>>7582
Democracy may not be the easiest way to achieve a libertarian government (and by that I mean minarchist, night watchman state stuff) but it is the best way, maybe the only way to safeguard it.
While England may have been a monarchy, local-level decision making was carried out by representatives, and the law interpreted and enforced on the same level. As opposed to top-down law coming from the government, it came up from the people. The monarch was not above the law, and it went poorly for them whenever they ignored that, but that required armed resistance and the ability to oust an unpopular king. In most states that failed, and the king became the law - absolute monarchy became all the rage. England's one of the few countries where the opposite was true, and the king got his ass beaten every time he tried a power grab.
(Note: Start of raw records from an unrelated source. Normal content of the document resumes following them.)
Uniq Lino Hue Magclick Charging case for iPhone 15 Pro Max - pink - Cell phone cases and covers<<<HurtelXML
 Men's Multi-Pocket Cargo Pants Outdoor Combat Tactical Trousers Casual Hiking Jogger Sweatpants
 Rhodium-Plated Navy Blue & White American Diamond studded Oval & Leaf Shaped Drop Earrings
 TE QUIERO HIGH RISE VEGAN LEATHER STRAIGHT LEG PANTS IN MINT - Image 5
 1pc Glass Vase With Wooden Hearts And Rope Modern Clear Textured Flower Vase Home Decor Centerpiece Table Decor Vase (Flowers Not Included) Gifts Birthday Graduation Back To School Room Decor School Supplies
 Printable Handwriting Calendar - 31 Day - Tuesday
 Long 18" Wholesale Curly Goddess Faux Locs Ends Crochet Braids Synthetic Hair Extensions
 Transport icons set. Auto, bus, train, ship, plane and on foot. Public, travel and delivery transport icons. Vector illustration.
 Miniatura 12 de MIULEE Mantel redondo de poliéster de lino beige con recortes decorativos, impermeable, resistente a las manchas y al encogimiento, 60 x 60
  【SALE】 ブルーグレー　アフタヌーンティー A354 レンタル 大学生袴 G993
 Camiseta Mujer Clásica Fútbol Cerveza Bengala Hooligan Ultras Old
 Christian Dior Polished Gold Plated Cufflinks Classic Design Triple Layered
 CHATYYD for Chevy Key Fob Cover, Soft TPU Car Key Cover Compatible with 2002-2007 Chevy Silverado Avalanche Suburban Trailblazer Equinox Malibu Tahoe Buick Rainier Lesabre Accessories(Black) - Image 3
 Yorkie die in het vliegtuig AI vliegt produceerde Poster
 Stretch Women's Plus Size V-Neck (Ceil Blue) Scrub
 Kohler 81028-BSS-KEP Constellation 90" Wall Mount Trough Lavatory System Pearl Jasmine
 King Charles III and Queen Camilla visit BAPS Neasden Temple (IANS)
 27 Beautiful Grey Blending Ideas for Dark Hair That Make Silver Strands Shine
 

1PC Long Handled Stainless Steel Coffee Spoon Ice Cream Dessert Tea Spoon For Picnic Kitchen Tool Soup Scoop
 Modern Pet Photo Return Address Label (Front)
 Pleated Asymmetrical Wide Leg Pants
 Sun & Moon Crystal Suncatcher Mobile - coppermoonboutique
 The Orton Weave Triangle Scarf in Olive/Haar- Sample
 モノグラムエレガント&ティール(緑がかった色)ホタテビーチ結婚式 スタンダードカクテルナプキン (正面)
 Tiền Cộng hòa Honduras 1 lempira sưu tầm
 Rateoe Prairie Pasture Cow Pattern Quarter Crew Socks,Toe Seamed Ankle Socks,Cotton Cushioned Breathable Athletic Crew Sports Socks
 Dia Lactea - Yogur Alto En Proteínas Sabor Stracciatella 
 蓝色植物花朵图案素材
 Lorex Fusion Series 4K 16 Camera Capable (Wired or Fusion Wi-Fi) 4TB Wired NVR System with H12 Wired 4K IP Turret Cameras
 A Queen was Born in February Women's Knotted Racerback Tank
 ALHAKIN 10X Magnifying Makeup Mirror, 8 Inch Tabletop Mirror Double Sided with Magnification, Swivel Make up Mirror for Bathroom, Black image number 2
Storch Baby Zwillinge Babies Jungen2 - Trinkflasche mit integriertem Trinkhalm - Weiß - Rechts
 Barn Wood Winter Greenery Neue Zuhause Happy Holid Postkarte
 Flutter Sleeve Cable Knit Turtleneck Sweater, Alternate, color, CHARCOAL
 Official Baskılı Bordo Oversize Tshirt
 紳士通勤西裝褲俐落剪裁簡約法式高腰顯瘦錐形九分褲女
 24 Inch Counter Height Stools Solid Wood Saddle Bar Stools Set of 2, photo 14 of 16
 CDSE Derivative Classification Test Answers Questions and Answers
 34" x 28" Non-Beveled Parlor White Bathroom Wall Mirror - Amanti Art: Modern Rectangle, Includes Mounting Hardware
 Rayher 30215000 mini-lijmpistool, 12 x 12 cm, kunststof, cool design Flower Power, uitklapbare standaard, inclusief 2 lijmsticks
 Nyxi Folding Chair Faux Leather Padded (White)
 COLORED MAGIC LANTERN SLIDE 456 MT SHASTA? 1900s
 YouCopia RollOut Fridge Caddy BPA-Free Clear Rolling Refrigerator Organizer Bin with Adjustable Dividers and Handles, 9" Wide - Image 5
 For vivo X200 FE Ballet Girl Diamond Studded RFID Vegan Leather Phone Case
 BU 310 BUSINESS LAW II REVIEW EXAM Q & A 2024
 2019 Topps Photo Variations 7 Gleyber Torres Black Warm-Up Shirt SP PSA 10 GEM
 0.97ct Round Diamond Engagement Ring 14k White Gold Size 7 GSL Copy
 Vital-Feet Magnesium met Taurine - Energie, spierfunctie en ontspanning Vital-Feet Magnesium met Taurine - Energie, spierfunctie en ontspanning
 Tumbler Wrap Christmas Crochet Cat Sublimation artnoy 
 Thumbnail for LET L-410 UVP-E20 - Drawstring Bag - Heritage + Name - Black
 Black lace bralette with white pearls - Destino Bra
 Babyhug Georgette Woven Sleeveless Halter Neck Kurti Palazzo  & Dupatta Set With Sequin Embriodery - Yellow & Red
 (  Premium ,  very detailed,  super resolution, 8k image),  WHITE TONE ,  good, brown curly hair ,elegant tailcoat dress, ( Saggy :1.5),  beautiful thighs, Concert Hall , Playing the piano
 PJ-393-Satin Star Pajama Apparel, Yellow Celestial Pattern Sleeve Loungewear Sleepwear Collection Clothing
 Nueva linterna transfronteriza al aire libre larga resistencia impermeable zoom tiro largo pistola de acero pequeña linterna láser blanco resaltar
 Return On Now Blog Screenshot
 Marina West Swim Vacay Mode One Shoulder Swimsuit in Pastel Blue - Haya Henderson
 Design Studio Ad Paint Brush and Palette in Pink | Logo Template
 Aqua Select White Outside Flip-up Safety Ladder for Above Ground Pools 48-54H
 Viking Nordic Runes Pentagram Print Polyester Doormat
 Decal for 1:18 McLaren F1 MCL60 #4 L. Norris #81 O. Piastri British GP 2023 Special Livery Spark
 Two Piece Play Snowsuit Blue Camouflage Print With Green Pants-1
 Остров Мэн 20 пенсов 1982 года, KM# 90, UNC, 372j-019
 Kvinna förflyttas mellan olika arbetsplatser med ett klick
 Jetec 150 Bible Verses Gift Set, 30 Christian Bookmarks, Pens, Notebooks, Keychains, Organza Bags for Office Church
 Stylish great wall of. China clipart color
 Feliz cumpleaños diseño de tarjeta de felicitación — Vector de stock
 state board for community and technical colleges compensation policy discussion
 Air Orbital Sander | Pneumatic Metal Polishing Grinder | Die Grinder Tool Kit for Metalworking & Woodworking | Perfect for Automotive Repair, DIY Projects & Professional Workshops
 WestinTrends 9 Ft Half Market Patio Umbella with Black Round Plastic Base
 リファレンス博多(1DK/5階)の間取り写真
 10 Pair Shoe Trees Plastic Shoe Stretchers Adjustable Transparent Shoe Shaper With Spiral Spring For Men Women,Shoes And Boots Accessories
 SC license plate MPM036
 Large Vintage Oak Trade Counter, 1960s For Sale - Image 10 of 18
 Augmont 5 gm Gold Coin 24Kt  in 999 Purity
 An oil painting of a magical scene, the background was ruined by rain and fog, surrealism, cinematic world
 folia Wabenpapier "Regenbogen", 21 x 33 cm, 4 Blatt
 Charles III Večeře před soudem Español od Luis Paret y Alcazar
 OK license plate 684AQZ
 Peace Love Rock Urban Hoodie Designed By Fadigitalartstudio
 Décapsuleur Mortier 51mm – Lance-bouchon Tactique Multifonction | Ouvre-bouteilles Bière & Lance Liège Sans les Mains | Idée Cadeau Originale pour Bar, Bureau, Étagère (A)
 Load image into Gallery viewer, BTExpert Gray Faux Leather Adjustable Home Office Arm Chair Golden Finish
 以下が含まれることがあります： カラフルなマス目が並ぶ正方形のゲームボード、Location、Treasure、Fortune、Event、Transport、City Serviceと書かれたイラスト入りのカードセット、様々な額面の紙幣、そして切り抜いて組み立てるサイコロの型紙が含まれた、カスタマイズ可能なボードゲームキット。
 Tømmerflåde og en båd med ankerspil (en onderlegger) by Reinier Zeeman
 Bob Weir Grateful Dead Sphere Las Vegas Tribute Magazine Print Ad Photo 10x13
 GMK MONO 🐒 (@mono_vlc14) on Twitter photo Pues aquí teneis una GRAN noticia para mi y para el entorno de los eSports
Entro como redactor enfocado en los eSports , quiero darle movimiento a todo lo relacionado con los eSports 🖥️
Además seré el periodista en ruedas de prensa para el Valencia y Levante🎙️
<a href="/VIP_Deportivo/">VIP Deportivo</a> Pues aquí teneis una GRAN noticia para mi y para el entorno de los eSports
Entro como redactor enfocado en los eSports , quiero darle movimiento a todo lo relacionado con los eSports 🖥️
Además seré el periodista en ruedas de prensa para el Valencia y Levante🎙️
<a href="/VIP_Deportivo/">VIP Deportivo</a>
That is what makes democracy so necessary. Democracy is a market-like system for political leaders; while liberty may exist under a somewhat autocratic government, it is not well safeguarded and subject to the whims of the ruler/s. Democracy is a system that replaces the need for violence to remove a ruler from power (although it's pretty obvious that force will be used against those who violate the system, ensuring its survival), and necessarily checks their power as they must worry about election and re-election. The interests of their constituents are the only things that will get them elected, making them the best people to represent their locality because they will be required to be responsive to the electorate.
I'd like to add that, in my opinion, most European style parliamentary democracies are hardly healthy democracies, as parties are national in scope and party leadership decides the party's makeup and not the constituents. And of course, a democracy must also be bound by laws - the will of the majority is not above the law, just as the monarch's is not.
tl;dr: representative democracy is the best safeguard in a state for liberty because it transforms the political landscape into a stable (not prone to sudden outbreaks of violence or corruption) market-lite that its voters know will function as intended, and that if it doesn't it will be rectified the next round in the local primaries. Representative democracy or bust.